_Exercise_. Examine the entries below, count the lines holding the string "Decoration", and respond with the number only.

[Records from a dataset]

▼

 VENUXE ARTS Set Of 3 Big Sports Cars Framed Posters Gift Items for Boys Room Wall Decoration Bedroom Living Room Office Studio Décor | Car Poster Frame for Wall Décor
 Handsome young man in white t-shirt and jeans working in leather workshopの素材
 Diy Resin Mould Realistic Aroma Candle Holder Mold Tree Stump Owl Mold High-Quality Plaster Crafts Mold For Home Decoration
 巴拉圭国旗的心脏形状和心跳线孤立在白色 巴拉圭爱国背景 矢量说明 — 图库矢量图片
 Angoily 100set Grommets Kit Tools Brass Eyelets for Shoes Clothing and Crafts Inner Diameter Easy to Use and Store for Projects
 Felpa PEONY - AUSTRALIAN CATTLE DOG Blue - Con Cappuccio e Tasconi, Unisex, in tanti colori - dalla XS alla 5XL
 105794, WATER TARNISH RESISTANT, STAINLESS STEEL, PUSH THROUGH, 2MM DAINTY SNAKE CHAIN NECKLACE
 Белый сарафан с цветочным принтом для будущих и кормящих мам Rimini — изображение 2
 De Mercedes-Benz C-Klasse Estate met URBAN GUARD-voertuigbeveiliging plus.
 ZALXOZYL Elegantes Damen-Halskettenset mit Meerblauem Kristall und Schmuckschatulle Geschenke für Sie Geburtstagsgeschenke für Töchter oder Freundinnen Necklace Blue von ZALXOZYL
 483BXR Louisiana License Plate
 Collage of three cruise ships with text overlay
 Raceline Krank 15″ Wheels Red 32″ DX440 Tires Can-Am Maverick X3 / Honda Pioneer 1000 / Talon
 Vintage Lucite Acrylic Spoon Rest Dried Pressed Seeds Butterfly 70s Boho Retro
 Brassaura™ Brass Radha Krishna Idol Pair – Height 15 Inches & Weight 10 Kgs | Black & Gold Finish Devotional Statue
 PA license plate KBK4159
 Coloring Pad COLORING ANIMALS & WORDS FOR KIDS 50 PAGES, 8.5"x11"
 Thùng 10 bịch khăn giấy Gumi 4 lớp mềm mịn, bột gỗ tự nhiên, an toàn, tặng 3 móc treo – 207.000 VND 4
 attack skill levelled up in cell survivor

▲

_Response area_. 2